Shooting with a Hasselblad

07th April 2010, in Blog (1 Comments)

There’s a reason they called it a ‘Hassel’-blad. It’s 3.1 kgs. You need to pump iron for a month before you can take it on a full day shoot. My right bicep is distinctly larger than the left after 3 days of shooting with this machine of pixel destruction. The Pelican case it’s in doesn’t quite fit into the over-head compartment on your 1time flight and you beg the stewardess not to lock it in the unpressurized hold. It eats power, with 2 separate battery packs that need changing every 2 hours. Every time I press the shutter button I can hear the whizzing crunching beauty of a new 40mb compressed Tiff. It will be daunting 110mb uncompressed Tiff when I open it on my Macbook back at the Hotel. After each shot it will take 4 seconds to show me the image on the Phase One P45 back. But you don’t really look at the image on the back. You’re looking at the Histogram to see if you haven’t botched the levels. There will be time to look at pretty pictures later. Right now I’m lugging 400 thousand rands worth of camera and glass over Nelson Mandela bridge in Downtown Joburg, trying to not to underexpose the skyline while avoiding the mad jostling Taxis. They might have taken a Hasselblad to the moon, but they won’t often take a Hasselblad to a busy Braamfontein bridge on a Thursday evening.

The thirty thousand dollar camera sensor (also called a ‘back’) is made by a separate company to Hasselblad. The sensor is 10 times the resolution of my top of the range Canon. It only takes 160 pictures on the 8 gig card I have. It’s 39 Megapixels but the advertised Megapixel counts are confusing. It’s not so much that the camera is 12 megapixel or 8 megapixel or whatever. You shouldn’t count pixels, you should look at the size of the sensor. The size of the piece of machinery that captures and processes the light. The size of the canvas you’re imprinting light onto. Hasselblad are Medium Format cameras, which means the sensor is massive. But the clarity, beauty, and detail you will only really witness when the final images are printed. For this project, my images will be printed on walls in 120 Hotel rooms in 3m x 3m sizes. For the first time I really feel that I have an actual skill as a photographer because I got such great results out of this beautiful piece of machinery.

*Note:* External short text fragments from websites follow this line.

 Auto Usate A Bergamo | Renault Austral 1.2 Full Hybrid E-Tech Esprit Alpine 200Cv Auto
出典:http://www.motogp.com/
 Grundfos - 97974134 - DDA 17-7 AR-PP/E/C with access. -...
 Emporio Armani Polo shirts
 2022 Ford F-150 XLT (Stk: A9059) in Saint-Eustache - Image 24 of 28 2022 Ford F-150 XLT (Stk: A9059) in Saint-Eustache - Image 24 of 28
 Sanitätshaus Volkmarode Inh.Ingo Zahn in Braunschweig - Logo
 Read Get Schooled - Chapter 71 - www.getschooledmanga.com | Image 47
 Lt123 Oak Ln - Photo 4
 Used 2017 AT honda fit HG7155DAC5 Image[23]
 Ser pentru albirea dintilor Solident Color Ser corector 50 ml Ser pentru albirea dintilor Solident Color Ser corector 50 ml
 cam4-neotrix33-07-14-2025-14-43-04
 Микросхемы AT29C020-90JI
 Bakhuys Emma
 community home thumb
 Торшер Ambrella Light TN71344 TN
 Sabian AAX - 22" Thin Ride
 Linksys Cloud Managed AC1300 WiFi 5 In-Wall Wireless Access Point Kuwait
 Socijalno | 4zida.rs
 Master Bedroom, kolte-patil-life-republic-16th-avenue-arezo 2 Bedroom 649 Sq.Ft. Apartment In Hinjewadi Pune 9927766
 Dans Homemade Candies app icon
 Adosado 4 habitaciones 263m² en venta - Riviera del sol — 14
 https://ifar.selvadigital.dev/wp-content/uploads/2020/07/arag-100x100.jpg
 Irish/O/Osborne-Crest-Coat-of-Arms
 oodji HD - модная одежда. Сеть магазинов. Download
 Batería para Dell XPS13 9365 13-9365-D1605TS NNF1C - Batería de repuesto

Great marketing: Hasselblad used by Astronauts on the Apollo Moon landing

Follow Hasselblad USA or Hasselblad UK on twitter.
You can also rent your own Hasselblad from Photohire in Cape Town.

1 Comments

April 21, 2010 4:56 pm

Padraic O’Meara (@PadraicOmeara)

I feel you on the blad, if you can own one then do, it’s a terribly rewarding experience, I don’t have the digital, but the film does me just fine.